■ **Given material**
★ ★ ★ ★
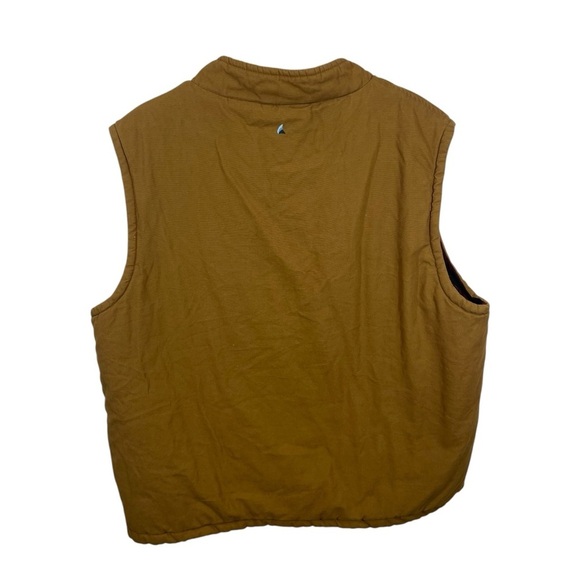 Tailor Vintage Pur Tec canvas vest Red Buffalo Plaid Lined Jacket Men’s large - Picture 4 of 7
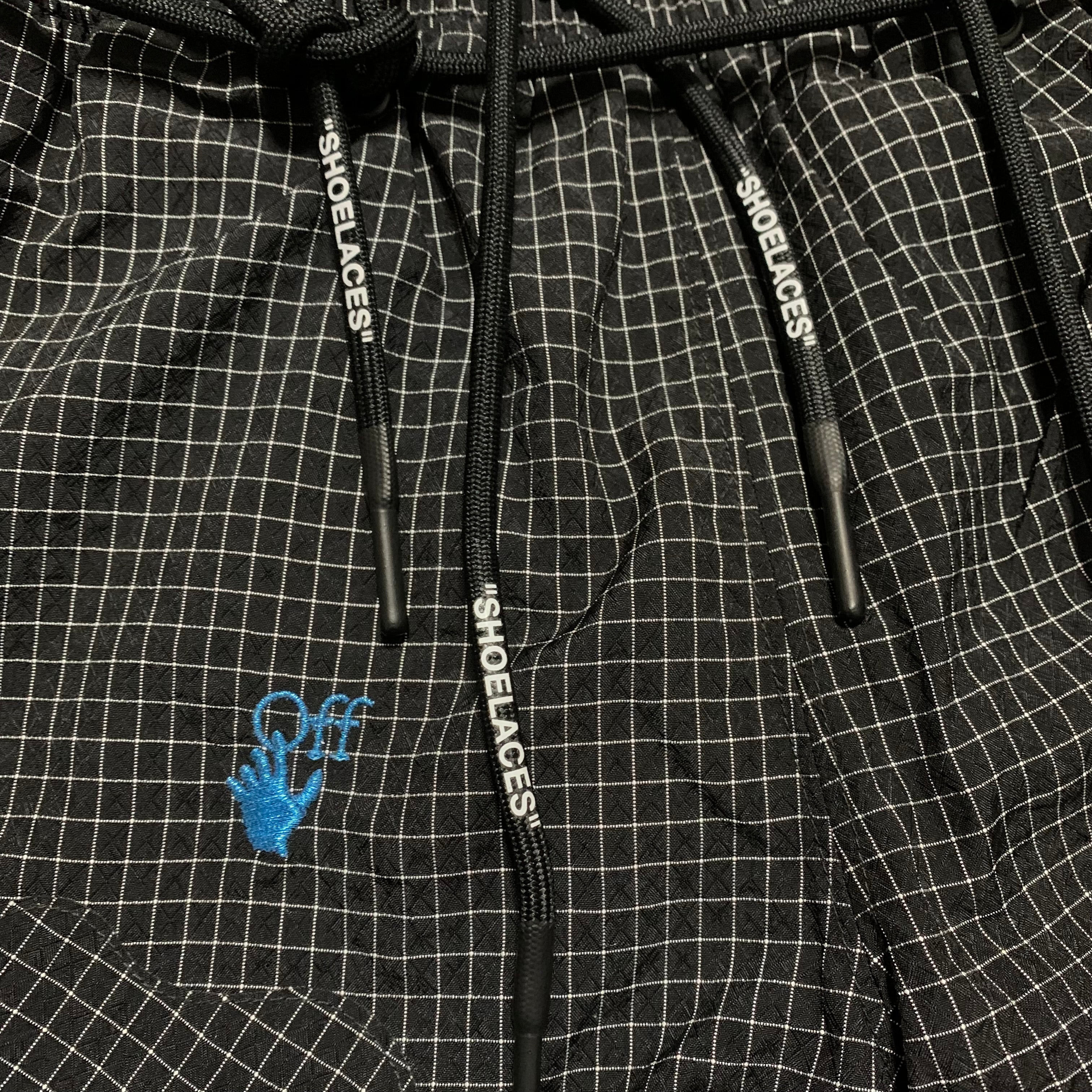 Off White Nike XS Shorts Black Woven 002 Shorts 2022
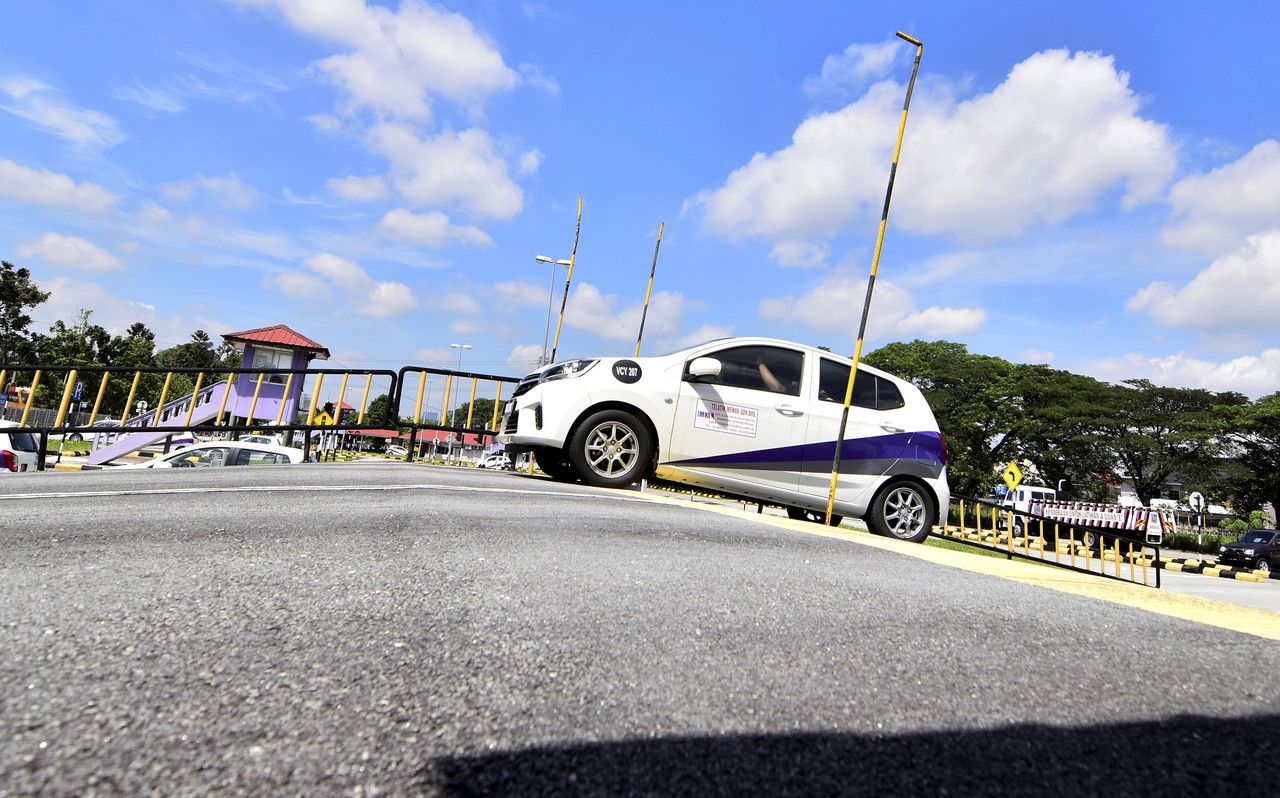 自动化考车系统  考生当场得知结果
★ ★ ★ ★
■ **Exercise aim**
Leave the pictures out and return the rest of the material exactly.

■ **Solution below**
 Tailor Vintage Pur Tec canvas vest Red Buffalo Plaid Lined Jacket Men’s large - Picture 4 of 7
 Off White Nike XS Shorts Black Woven 002 Shorts 2022
 自动化考车系统  考生当场得知结果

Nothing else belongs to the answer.